Carve out an Online Niche for Your Business

Look for a community of your best prospects

Google, Bing, Yahoo, YouTube, and all other internet search engines are chock-full of content: news articles, blog posts, videos, social networks, and other information. Sometimes it seems so cluttered you can hardly make sense of it! However, within this clutter, you will find groups or communities of people who have connected online around specific topics, or for specific reasons.

Sometimes these communities center around web pages or social networking sites, other times these communities appear simply because they are all looking for the same solution to a problem. These communities can be called niches.

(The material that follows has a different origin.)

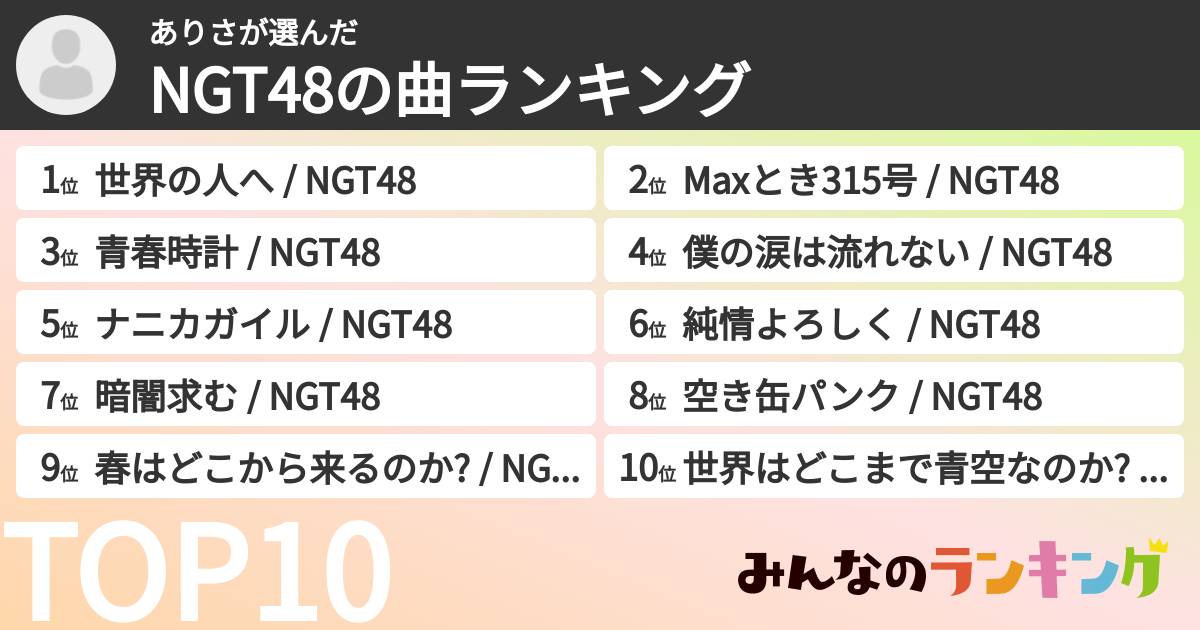 ありささんの「NGT48の曲ランキング」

They are highly defined groups of people based on needs, interests, and demographics.  If properly identified and targeted, they are your best prospects.

If the larger category consisted of skiers looking to improve their turns, as a ski instructor, you could target expert female skiers who are looking to learn how to ski in the backcountry.

Instead of landscaping, it would be outdoor fireplaces.

Instead of ‘Health’, it would be Women that want to lose weight for their wedding.

By defining and locating these niches, you narrow your target audience and increase your pool of qualified buyers. This is an essential step in online marketing. With an enormous volume of people on the web, you need to locate the people who need your products or services and who are ready to buy it.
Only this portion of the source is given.